Monday, March 19, 2012

Tina Fey gives me cheap laughs.

Book: Bossypants
Author: Tina Fey
Published: 2011 (Little, Brown)
Pages: 275

"Who doesn't like Tina Fey?" could be the subtitle of this book. Based on the reading I snatched during my lunch breaks by picking this up in the campus bookstore without actually buying it, I will attempt to answer.

  • People who truly believe that women can't be funny. (I picture these guys as old-fashioned clockmakers holding Humor Cogs and shaking their heads regretfully at broken ladies.)
  • People who are disappointed at how normal and good Tina Fey's life has been and are probably just jealous that this disproves the theory that one has to have a shitty life to get any material from it. 
  • People who have refused to watch SNL since the 1970s because they say it went downhill right after that. 
Fey's very good at making fun of herself in a way that brings her down to hardworking everylady level. She loves her life and gets deprecating laughs out of the awesome bits, which makes her more human, and sarcastic enthusiasm about the stressful bits, which show how much she secretly likes them. She's also excellent at inserting one-liners into good advice to break up the earnestness just when it starts to get a little weird.

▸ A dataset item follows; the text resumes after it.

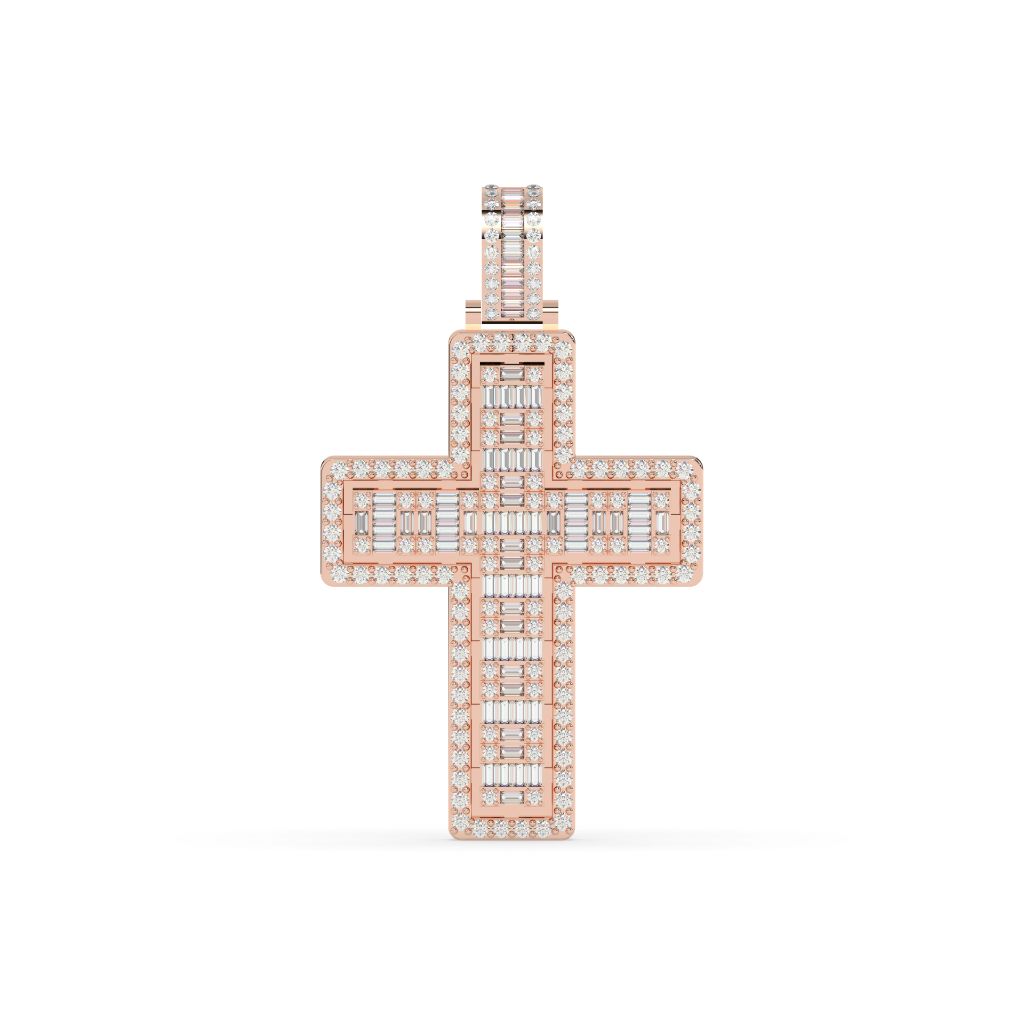 REGAL BAGUETTE CROSS NECKLACE CHARM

She is still a TV writer, and that shows in the bounciness of her prose, like it really wants to come out of her mouth instead of stay on the page. That's not a bad thing. In fact, that probably helped me read this faster, an essential part of the stealth read strategy. I feel like Fey would understand the maybe-not-completely-kosher habits of a reader/writer with a day job and make fun of them before joining in with a giant sandwich.